--- START ---

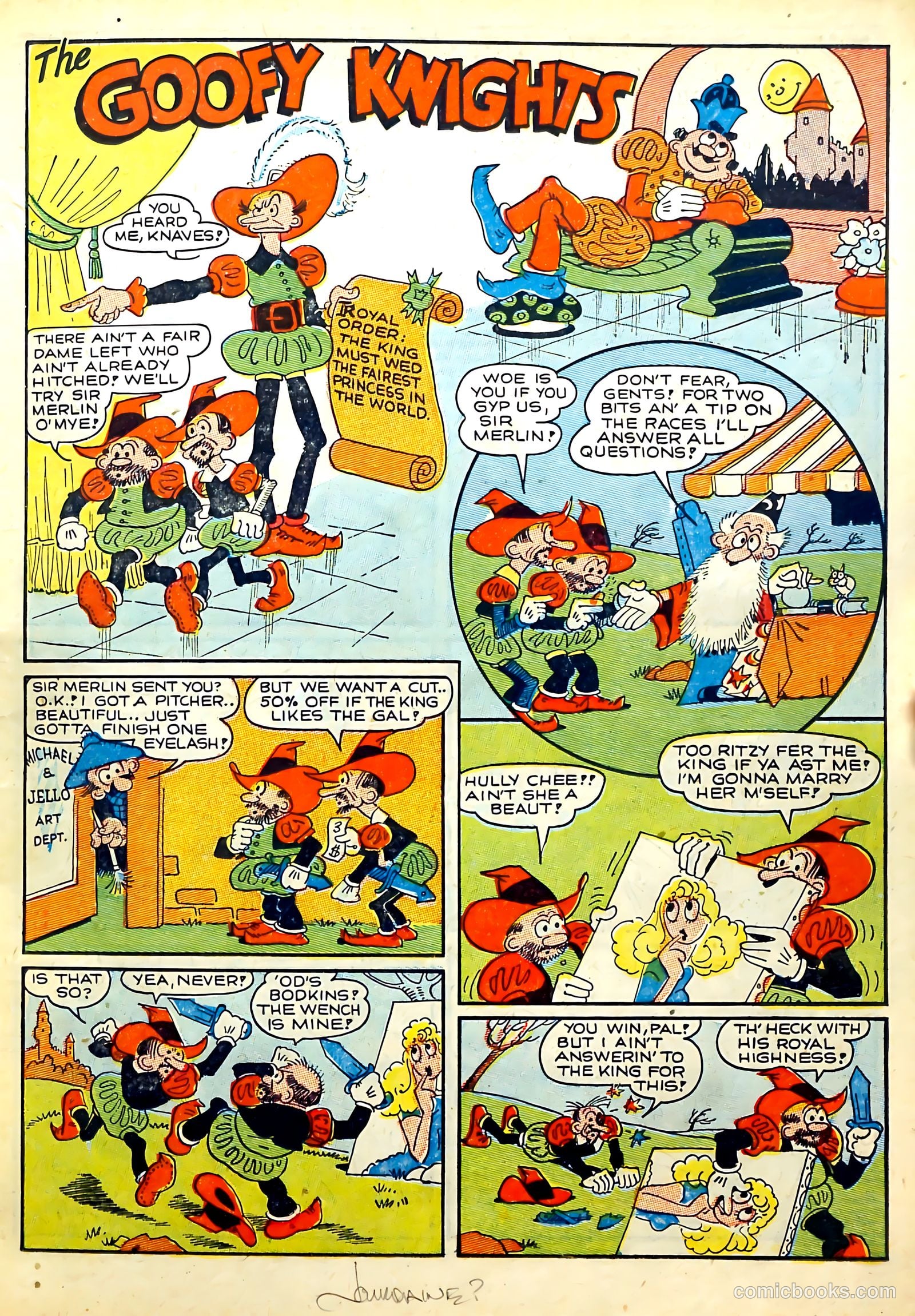 Captain Flight Comics #3 (1944) — page 17 of 53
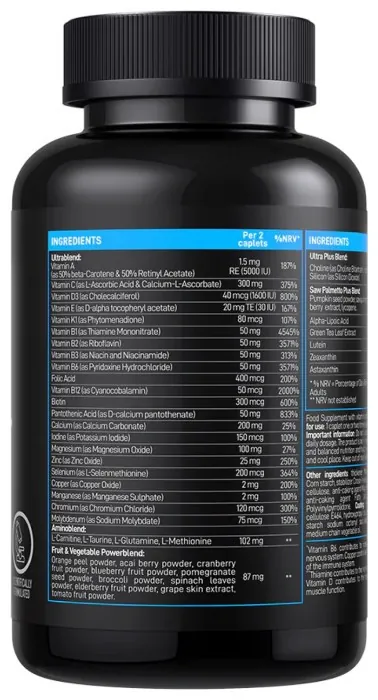 Ultra Men's Sport Multivitamin - 180 caps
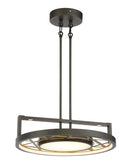 LED Convertible Semi Flush / Pendant<br /><span style="color:#4AB0CE;">Entrega: 4-10 dias en USA</span><br /><span style="color:#4AB0CE;font-size:60%;">PREGUNTE POR ENTREGA EN PANAMA</span><br />Collection: Tribeca by Robin Baron<br />Finish: Smoked Ir...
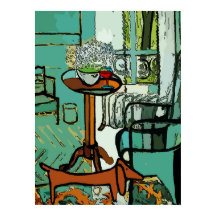 Grönt Room Dachsund, Matisse Stil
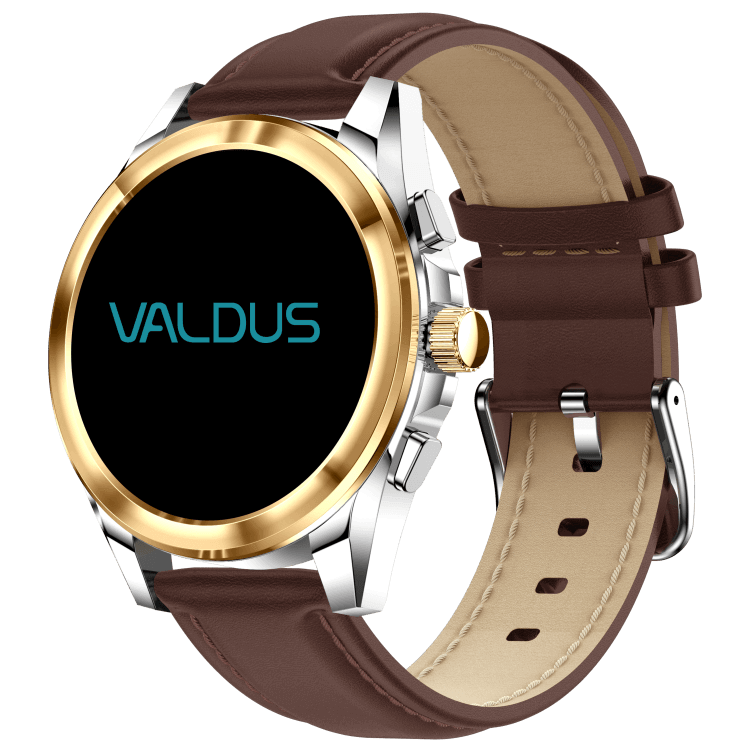 El VS45 es un reloj inteligente de corte clasico y elegante para las ocasiones distinguidas. Incorpoa todas las funcionalidades de un smartwatch y la elegancia de un reloj analógico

--- END ---

In transcribing the lines above, omit the images and keep all else exact.

 Captain Flight Comics #3 (1944) — page 17 of 53
 Ultra Men's Sport Multivitamin - 180 caps
 LED Convertible Semi Flush / Pendant<br /><span style="color:#4AB0CE;">Entrega: 4-10 dias en USA</span><br /><span style="color:#4AB0CE;font-size:60%;">PREGUNTE POR ENTREGA EN PANAMA</span><br />Collection: Tribeca by Robin Baron<br />Finish: Smoked Ir...
 Grönt Room Dachsund, Matisse Stil
 El VS45 es un reloj inteligente de corte clasico y elegante para las ocasiones distinguidas. Incorpoa todas las funcionalidades de un smartwatch y la elegancia de un reloj analógico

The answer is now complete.